Caption-style text data -

○ ○ ○ ○ ○

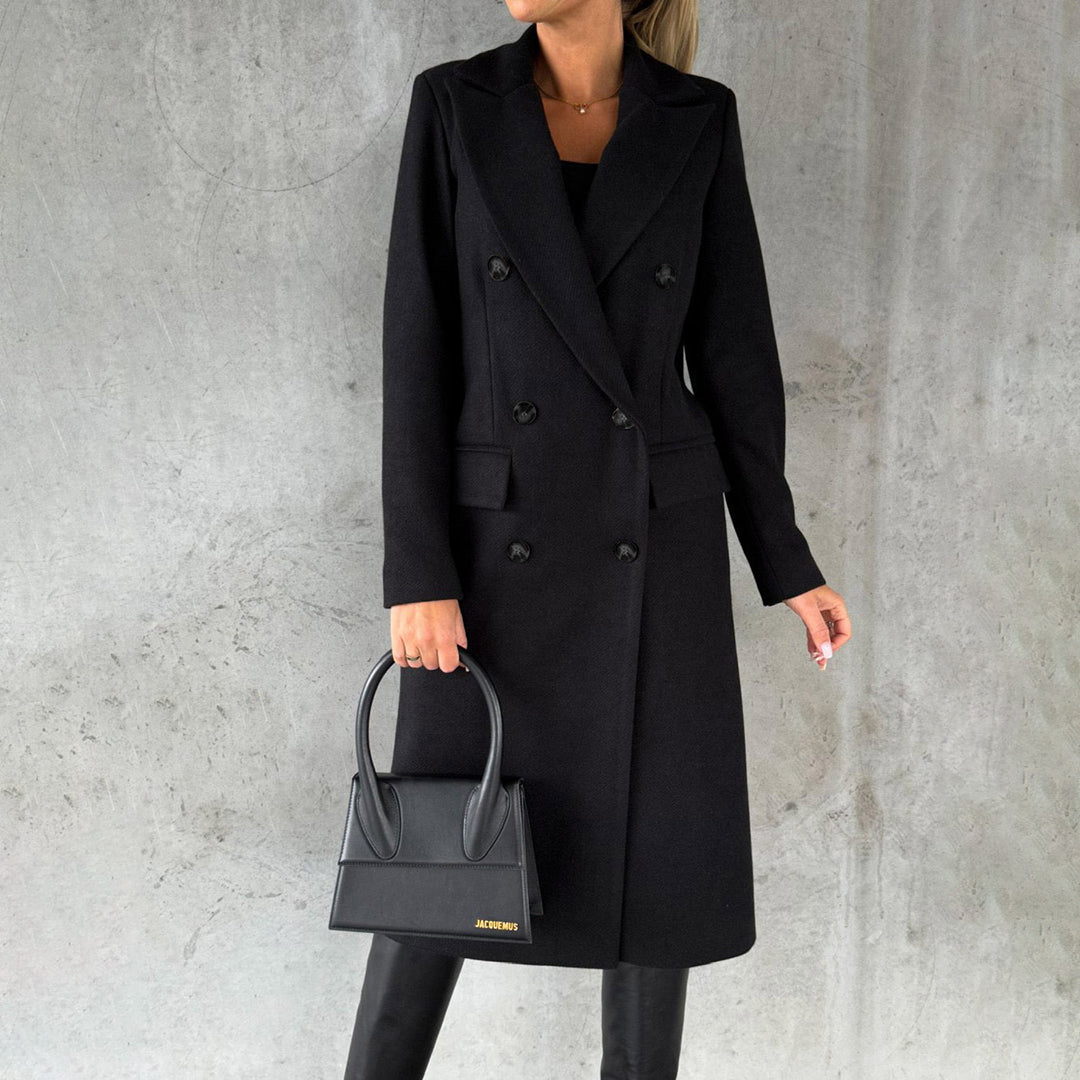 Women's Winter Coat Elegant Long Coat for Business and Casual Looks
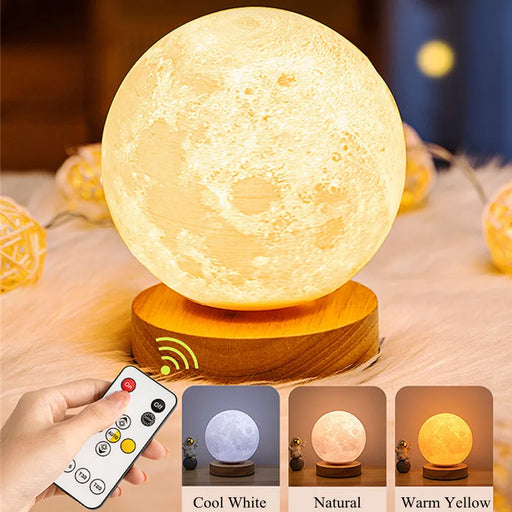 Creative 3D Moon Night Lamp 360° Rotating Lunar Night Light for Home Office Room Touch Control 3 or 16 Colors Led Desktop Lamp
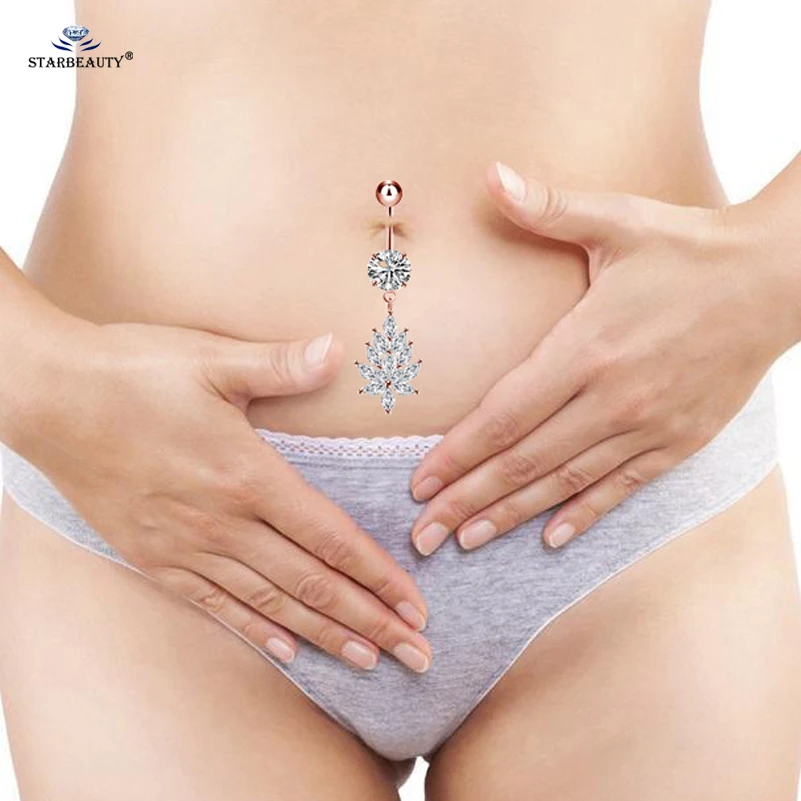 Роскошные белые Bijoux (украшения своими руками) живота Piercing Nombril розовое золото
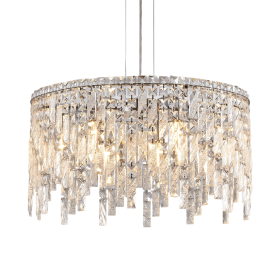 24" Luxurious Round Silver Crystal Chandelier, Contemporary Rectangular Pendant Light for Dining Room, Living Room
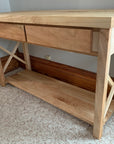 Farmhouse Modern Style Maple Console Entry Table Handmade Furniture in Iowa, USA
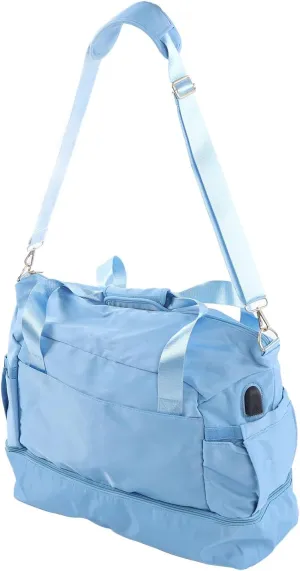 Women Sports Gym Bag Multiple Pockets Large Capacity Workout Travel Bag with USB Charging Port for Fitness Yoga (Light Blue)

○ ○ ○ ○ ○

What to produce - Write out exactly the lines from the one containing "Room, Living Room" to the last line of the records above, both included, and leave out any pictures.

Answer for the task -
 24" Luxurious Round Silver Crystal Chandelier, Contemporary Rectangular Pendant Light for Dining Room, Living Room
 Farmhouse Modern Style Maple Console Entry Table Handmade Furniture in Iowa, USA
 Women Sports Gym Bag Multiple Pockets Large Capacity Workout Travel Bag with USB Charging Port for Fitness Yoga (Light Blue)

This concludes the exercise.